The City of Los Angeles is mid-way through a sweeping effort to purge duplicate and outdated photographs from its public-facing digital infrastructure — a project that touches everything from the Housing Authority of the City of Los Angeles (HACLA) property listings in Watts to the Bureau of Street Services' interactive pothole maps in Boyle Heights. The effort, which began in earnest in January 2026 under a contract managed by the city's Information Technology Agency, is designed to eliminate an estimated 40 percent redundancy rate in the municipal image database before the 2028 Olympics puts global scrutiny on every city-run website and application.
Why now? The International Olympic Committee's host-city compliance guidelines require standardized, accessible digital platforms by June 2027 — giving Los Angeles roughly 12 months to get its visual data house in order. Duplicate imagery in public databases isn't merely an aesthetic problem. It slows page-load times, inflates cloud storage costs, and in some cases surfaces outdated photographs of demolished buildings or facilities that no longer exist, creating legal and liability exposure for city agencies.
How L.A.'s Approach Stacks Up Globally
Los Angeles is not alone in wrestling with this.

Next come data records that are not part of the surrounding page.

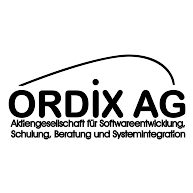 logo Ordix(78)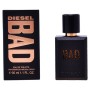 Profumo Uomo Diesel EDT | Tienda24 - Global Online Shop Tienda24.eu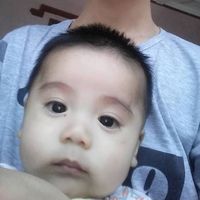 Zdjęcia użytkownika Phan Văn Tuấn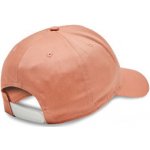 adidas Daily Cap IM0504 wonder clay/white/white – Hledejceny.cz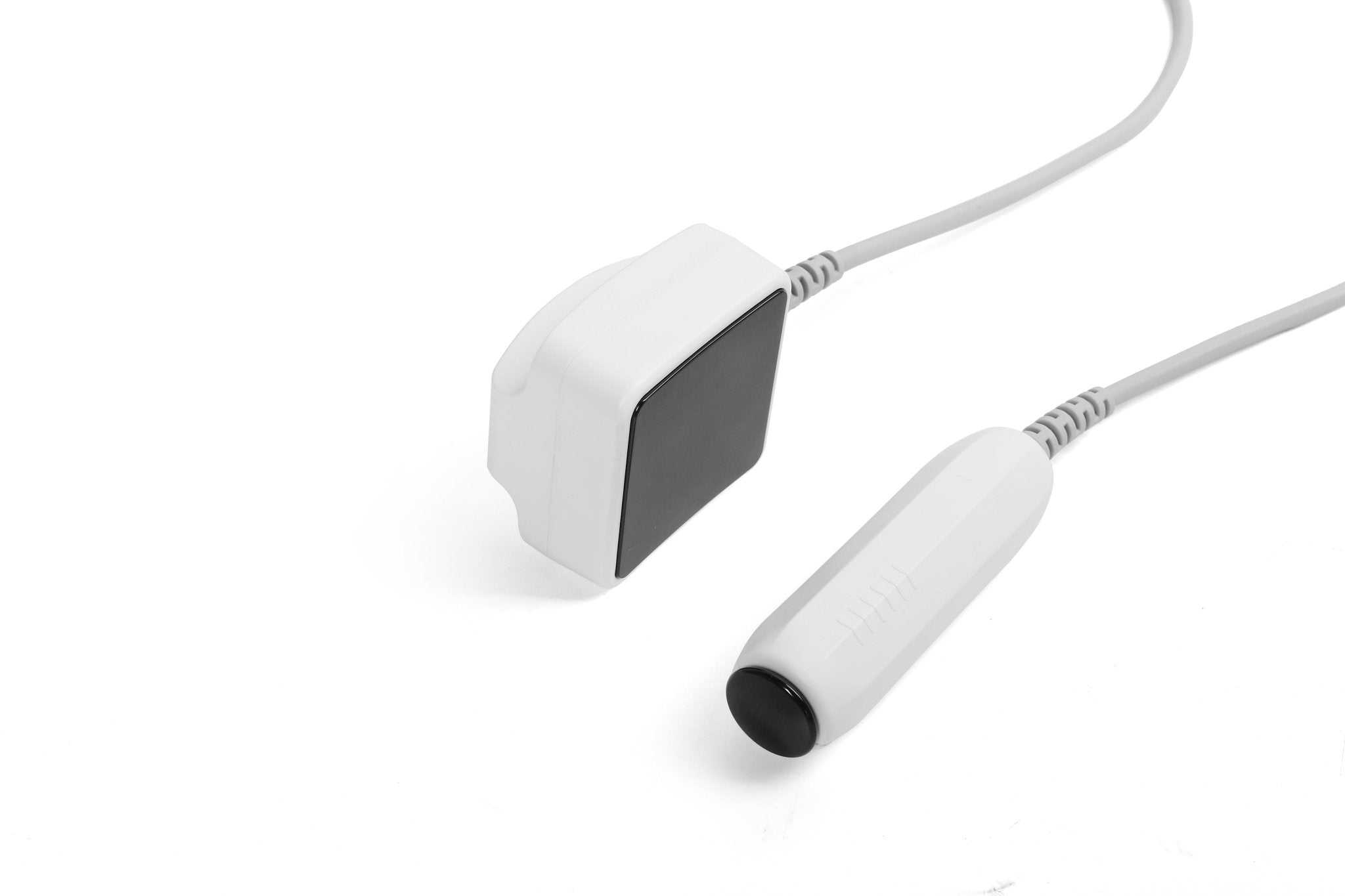 Shape Tactics Portable Monopolar RF Aesthetic System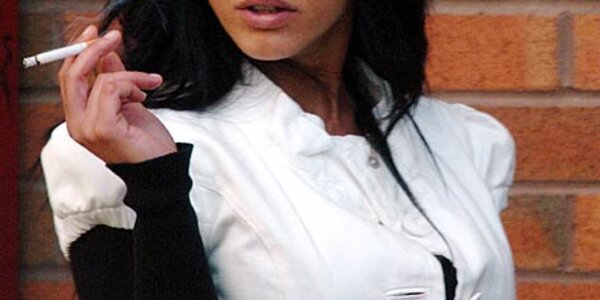 Article teaser image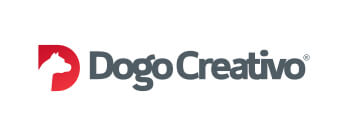 Winner small image - Dogo Creativo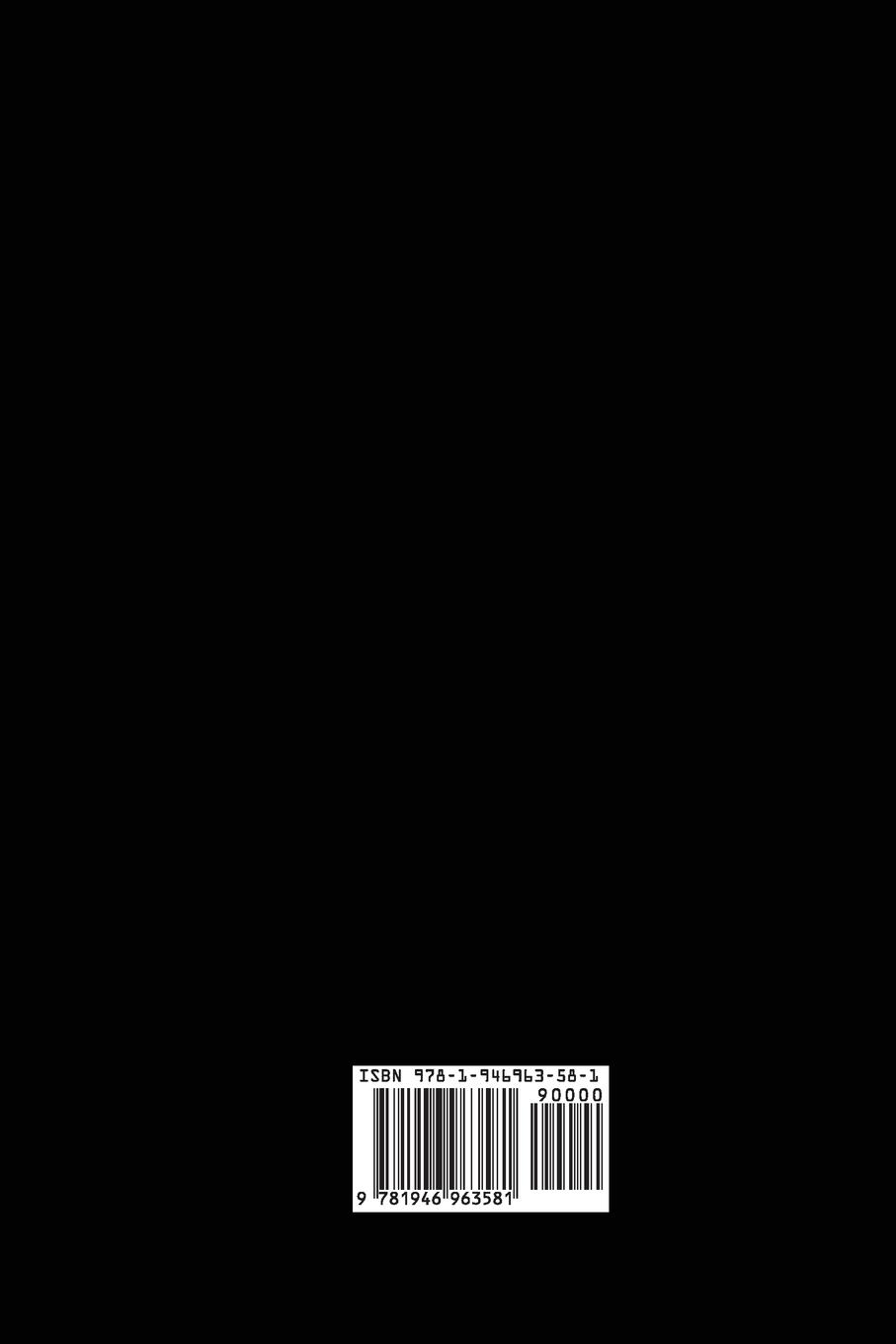Rückseitencover Biblical Theology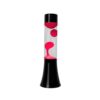 Lava Lamp Mini - Roze | Fiftiesstore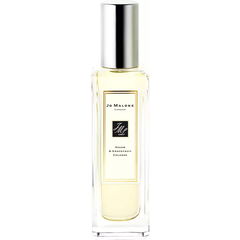 Assam & Grapefruit by Jo Malone
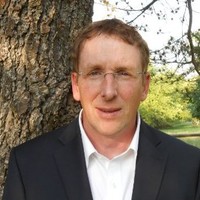 Stephen van Hoven Email & Phone Number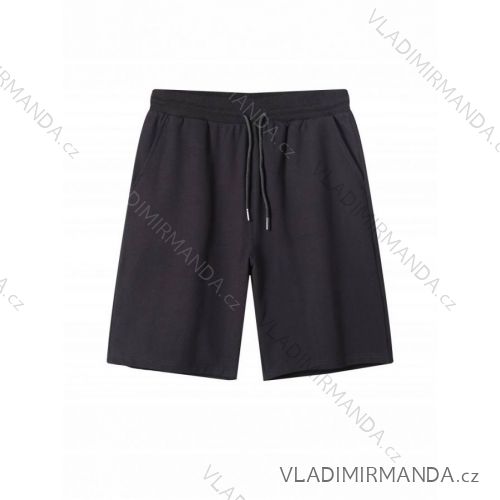 Men's shorts (M-2XL) GLO-STORY GLO23MRT-B4219-1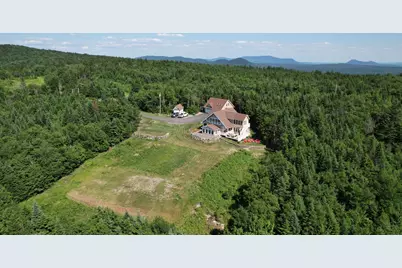 111 Moosehead Isle Road, Greenville, ME 04441 - Photo 53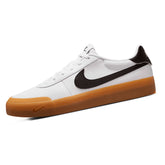 Zapatillas Nike Hombre Urbanas Court Shot | FQ8146-112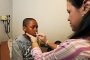 СЗО ще дари ваксини срещу грип А на бедни страни 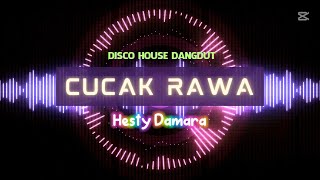 Download lagu Hesty Damara - Cucak Rawa 🎶 (Disco House Dangdut) Remix 2025 mp3 Download lagu Hesty Damara - Cucak Rawa 🎶 (Disco House Dangdut) Remix 2025 mp3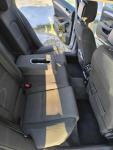 Passat B8 2.0 TDI DPF AD BLUE Cedry Małe - zdjęcie 9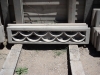 Decorative Panels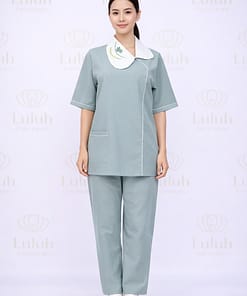 يونيفورم لمسة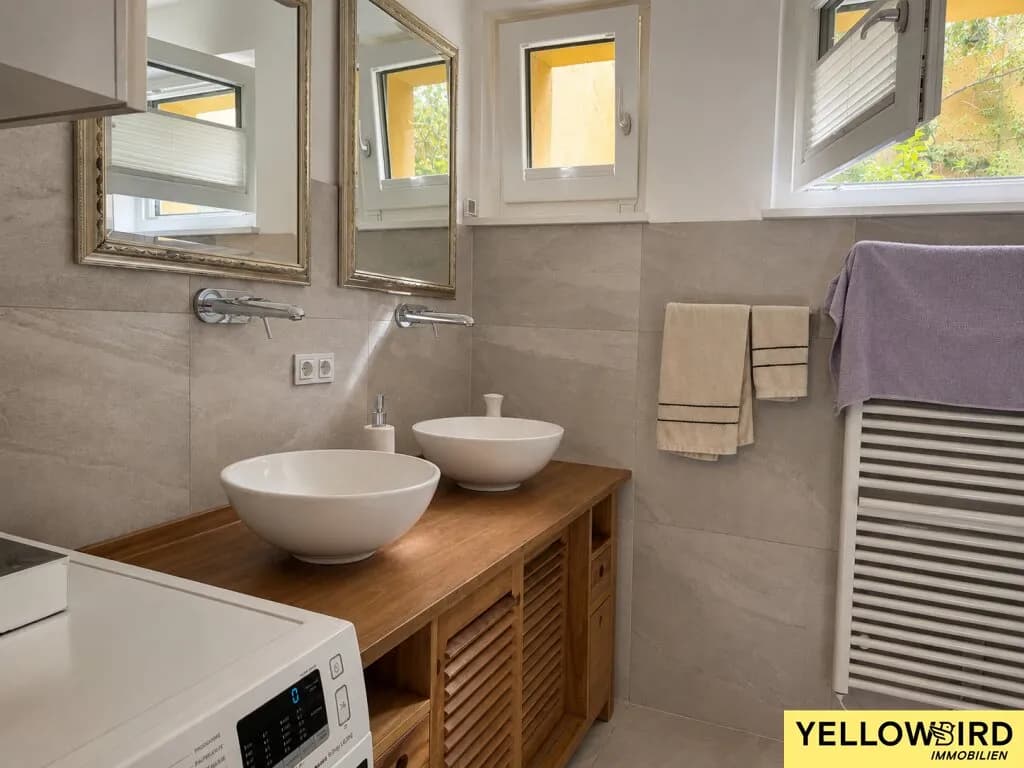 3-Zimmer-Wohnung mieten in Wien – 93,46 m², € 1.950 – Bild 14 von 20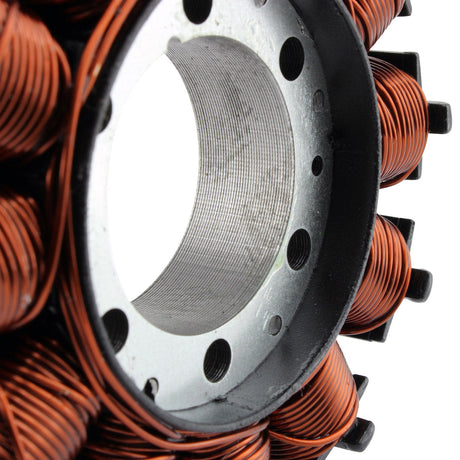 Photo of Stator for Ski-Doo Expedition GSX MXZ Renegade Grand Touring 2009-2019 | Lynx 69 Ranger Alpine 2012-2014 by RM STATOR - Premium for UTVs / Side by Sides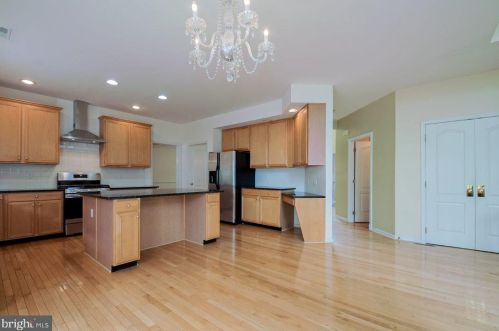 18 Harvest Ln, Hockessin DE  19707-2092 exterior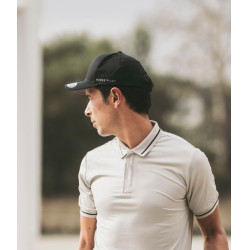 Gorra Horse Pilot Flexfit Gorra Horse Pilot Flexfit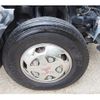 mitsubishi-fuso canter 2007 GOO_NET_EXCHANGE_0403477A30250521W003 image 33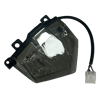Cf Moto Nk 250 Arka Stop Lambası 2023-2025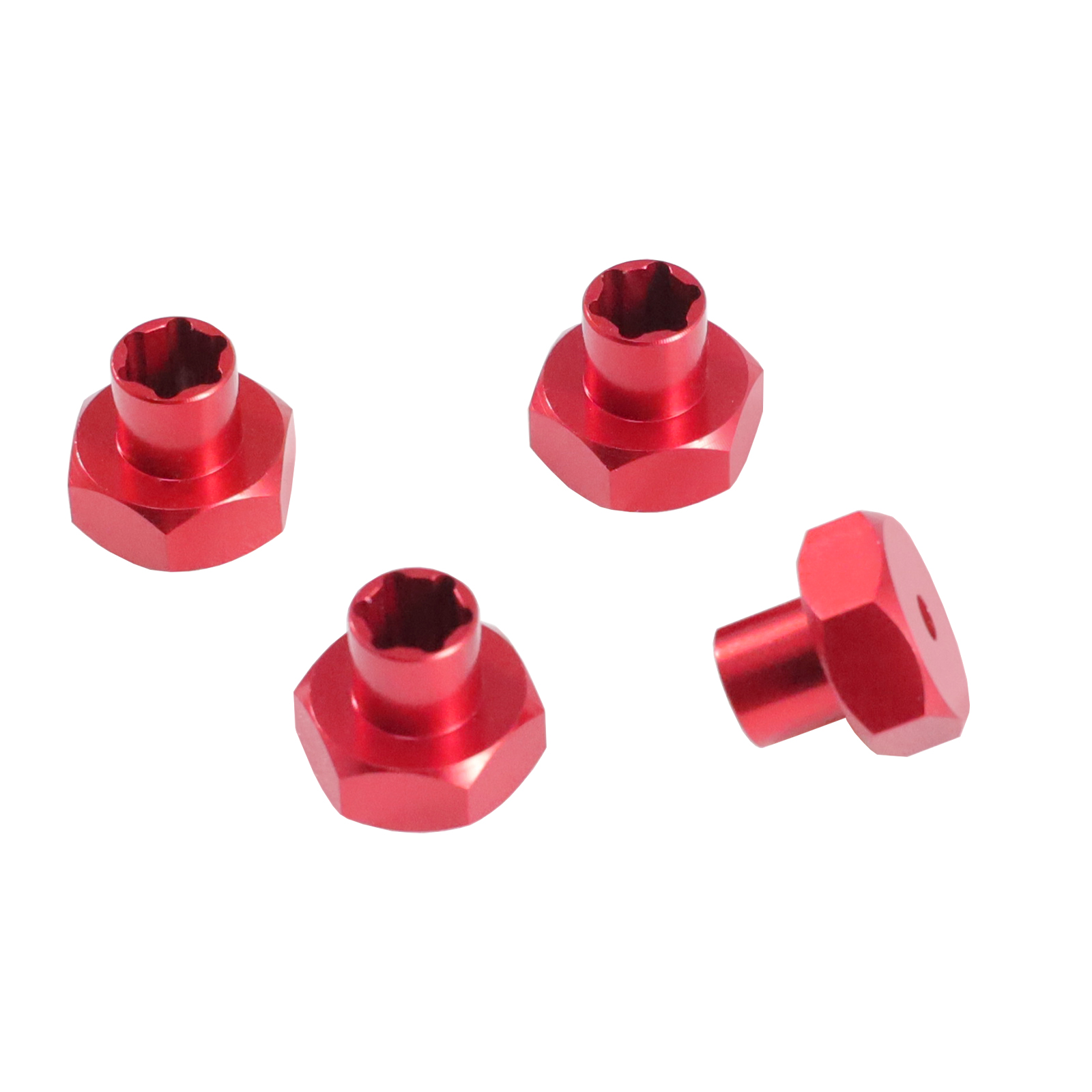 Alüminyum Alaşımlı 5mm ila 12m - Rc Tire Foam Insert incelemesi ve fiyatı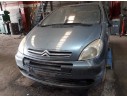 CITROËN XSARA PICASSO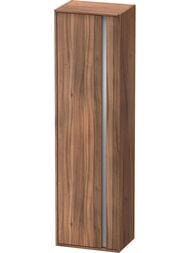   Duravit Ketho 5001800360  ,   KT1265L7979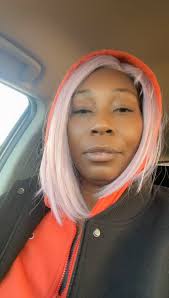 Trish Howell (@trishh.fine) • Instagram photos and videos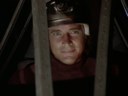 Recon_Viper_1_Helmet_Screencap_18.png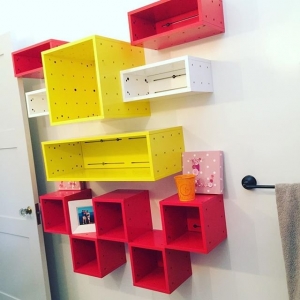 Photo of Assemble All Install Handyman service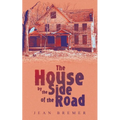 The House by the Side of the Road
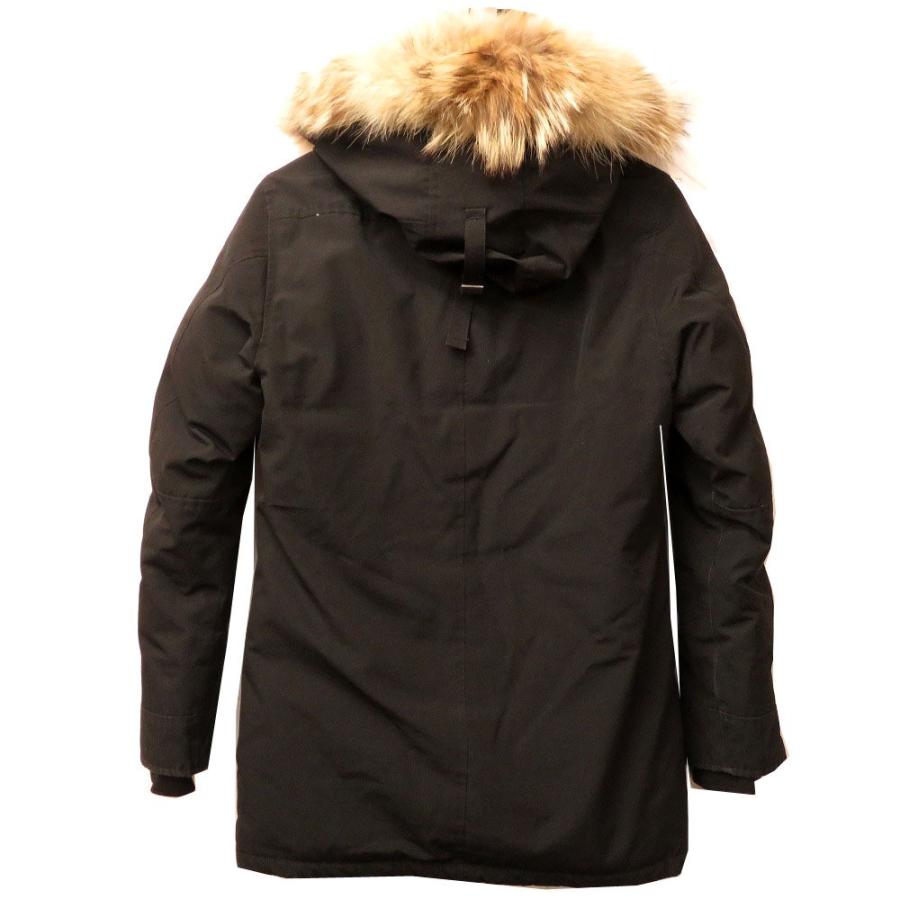 CANADA GOOSE カナダグース ジャスパー 68F8490 ダウン CANADA GOOSE カナダグース ジャスパー 68F8490 ダウン
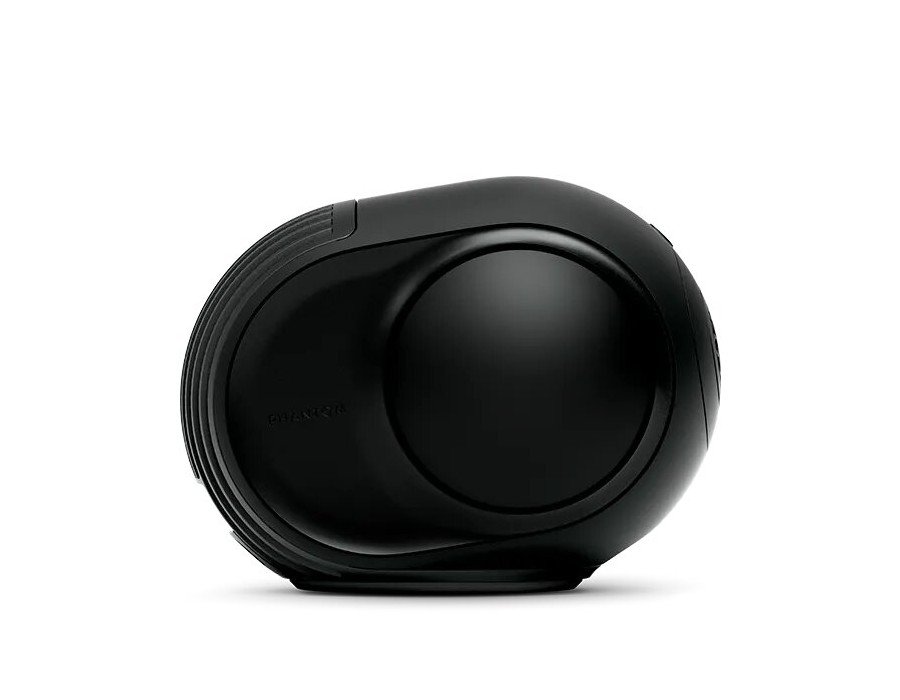 Devialet Phantom II 98 dB - Imagen 6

London's Government Digital Service completed a comparable deduplication initiative for the Greater London Authority's open-data portals in late 2024, reducing its visual asset library by roughly 35 percent over 18 months. Singapore's Smart Nation office finished a similar project in 2023 as part of its broader National Digital Identity framework, cutting municipal image storage by more than a third. Both cities used a hybrid approach: automated hash-matching algorithms to flag identical or near-identical files, followed by human review panels to adjudicate borderline cases — a model L.A. is now replicating, but later than its peer cities.
The Los Angeles Information Technology Agency awarded a contract worth approximately $2.3 million to handle the deduplication work across roughly 14 city departments. That figure covers software licensing, a dedicated review team, and integration with the city's existing Esri-based GIS mapping system used heavily by the Department of City Planning. The contract runs through December 2026. Departments like the Los Angeles Department of Transportation, which maintains real-time camera feeds and archived still imagery from signals across the city, face the heaviest lift: LADOT's archive contained more than 1.1 million stored image files as of a February 2026 internal audit, according to publicly posted city council agenda materials from March 11, 2026.
The work has drawn interest from Olympic planning officials at LA28, who are coordinating with city agencies to ensure that venue imagery at sites including Exposition Park and the Intuit Dome in Inglewood is current, consistent, and cleared of duplicate versions that could confuse ticketing platforms or media organizations building graphics packages. LA28's digital infrastructure team has identified image consistency as a tier-two priority in its technology readiness roadmap, a document submitted to the IOC in February.
Where the Process Is Hitting Friction
Not everything is running smoothly. The Los Angeles Homeless Services Authority, which manages photo documentation of encampments and shelter facilities across the city as part of Mayor Karen Bass's Inside Safe program, has flagged concerns about the automated flagging tools incorrectly marking distinct images as duplicates when the physical scenes are similar but not identical — a particular problem in neighborhoods like Skid Row and Echo Park where street conditions change rapidly. The nuance matters: incorrectly deleting a before-and-after pair of shelter images can break the documentation chain that agencies rely on for federal reporting to the Department of Housing and Urban Development.
For residents and local businesses dealing with outdated city portal imagery — a common complaint among property owners in Highland Park and Koreatown who have reported that demolition permits still show photographs of structures long since removed — the practical advice is to file a correction request directly through the city's 311 service portal, specifying the department and URL. The ITA has assigned a dedicated intake queue for image correction requests that launched April 1, 2026. Response times are running at roughly 14 business days, according to the city's publicly posted 311 performance dashboard.
London got its version done in 18 months. Singapore in 12. Los Angeles, with a harder deadline and a larger bureaucratic surface area, is betting it can hit the finish line before the world starts watching.